Vous dites que les 35 H. ont fait perdre 10% de productivité et de
pouvoir d’achat au Pays.
Totalement faux ! Et sur ce plan, quelle mauvaise foi évidente de
l’ensemble du patronat. Depuis l’avènement des 35 H. les
entreprises n’ont jamais fait autant de bénéfices ! Comment
pouvez-vous, vous personnellement Monsieur Michelin, expliquer
autrement, les résultats époustouflants de votre entreprise ces
dernières années ? Oui ! comment pouvez-vous expliquer que, rien
que pour le premier semestre 2 004, vous puissiez déclarer un
quasi-doublement de votre bénéfice net, à près de 330 millions
d’euros. Et ce attention, après avoir payé les larges
augmentations de salaires de votre staff, les juteux dividendes de
vos actionnaire et aussi n’oublions pas, le ‘triplement’ de votre
belle rémunération. Et après cela vous osez dire que la
productivité de vos salariés a baissé ! Chapeau Monsieur et merci
pour eux !
Vous avez beau jeu après cela de parler de ‘Pouvoir d’Achat’.
Vous, et tous vos pairs n’avez jamais réalisé que l’accroissement
du P.A., c’est à vous patrons, qu’il incombe ! Tout simplement
par le ‘Partage Equitable’ des résultats des entreprises.
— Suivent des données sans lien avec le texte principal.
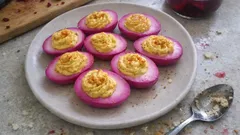 Velikonoční cviklová vajíčka: plněná vejce s krásnou růžovou barvou z řepy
En
donnant un peu moins en haut et un peu plus en bas.
Vous dites aussi que les coûts de production sont trop lourds,
parce que le SMIC et les bas salaires sont trop élevés. Faux !
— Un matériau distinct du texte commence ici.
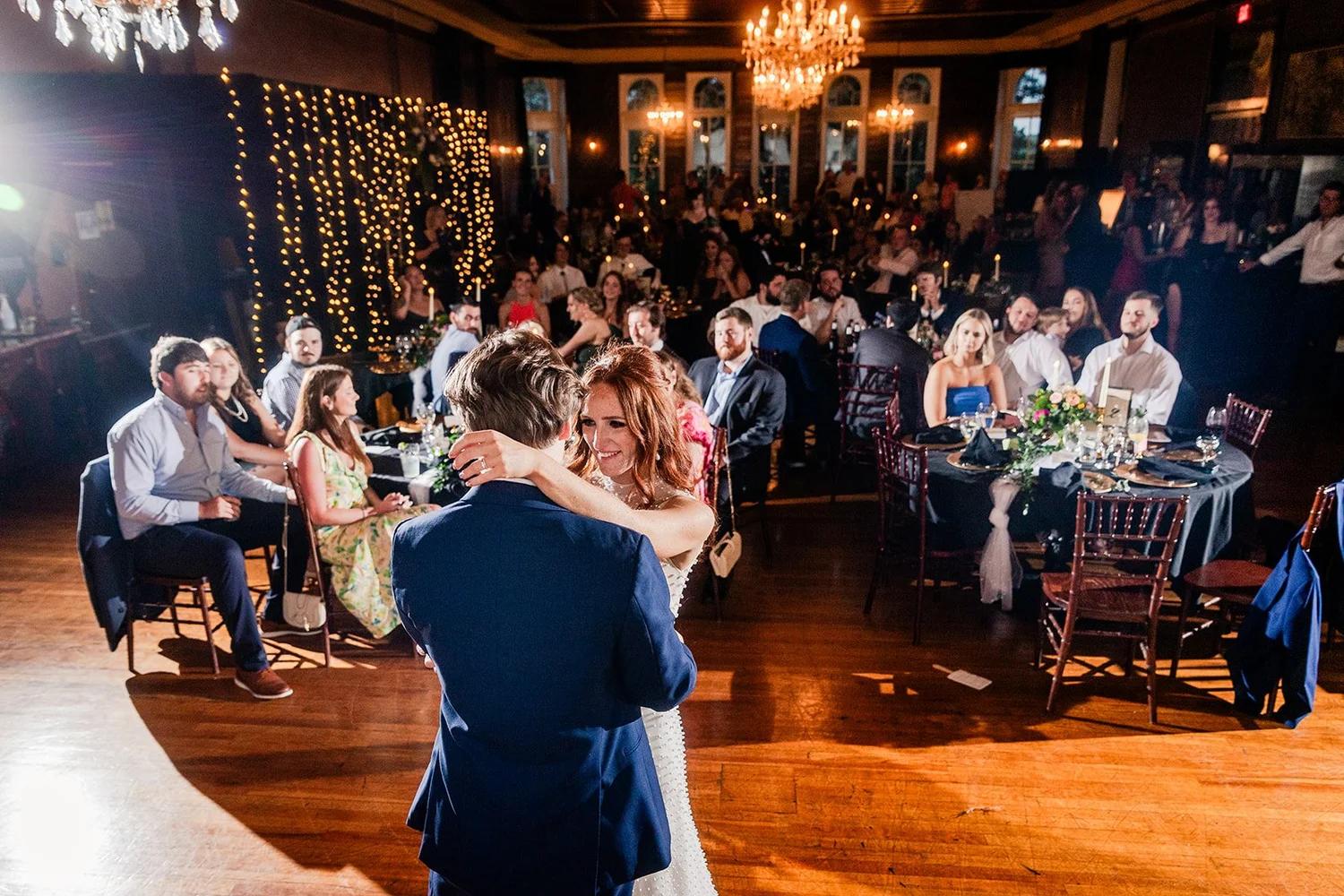 Novios en su celebración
Quelle hypocrisie ! Comme si les hauts salaires et les avantages
que vous vous allouez, ne faisaient pas partie de la masse
salariale ? Réduisez l’ensemble de vos hautes rémunérations
abusives et vous verrez ensuite, comment vos prix deviendront
compétitifs !
Vous dites, avec le MEDEF, que les 35 H. n’ont pas créé beaucoup
d’emplois ! Vrai ! Mais
par votre faute Messieurs ! Et là, votre technique du « double
langage » a fait fort : Vous avez feint de croire que la loi des
35 H. était le but final à atteindre, alors que vous saviez très
bien que la véritable finalité de cette loi, était de réduire le
chômage en créant massivement des emplois. Dans ces conditions,
ayant analysé que de passer de 39 à 35 h., c’était réduire les
horaires de 10 %, vous avez incité discrètement, en catimini,
toutes les ouailles patronales à tout faire pour accroître leur
productivité de 10 %, afin de ne pas avoir à embaucher lors de
l’application de la Loi. C’est ainsi que les entreprises ont
modernisé et automatisé leurs matériels au maximum, ont motivé et
joué à fond la carte des ressources humaines, ont amélioré et
rationalisé leurs organisations, afin de gagner un maximum en
productivité. De cette façon, les entreprises étant parvenues
sensiblement à la même production, n’ont pas eu à embaucher
lorsque les 35 H. furent venues, Et cerise sur le gâteau, avec
cette astuce machiavélique, des patrons ont néanmoins profité de
toutes les primes et subventions que l’Etat à largement distribué
pour aider à la R.T.T. ! L’effet d’aubaine, vous connaissez ?
Autre cerise : c’est ce fort accroissement des investissements
productifs de l’époque, qui génère les résultats exceptionnels et
imprévus que font les entreprises aujourd’hui.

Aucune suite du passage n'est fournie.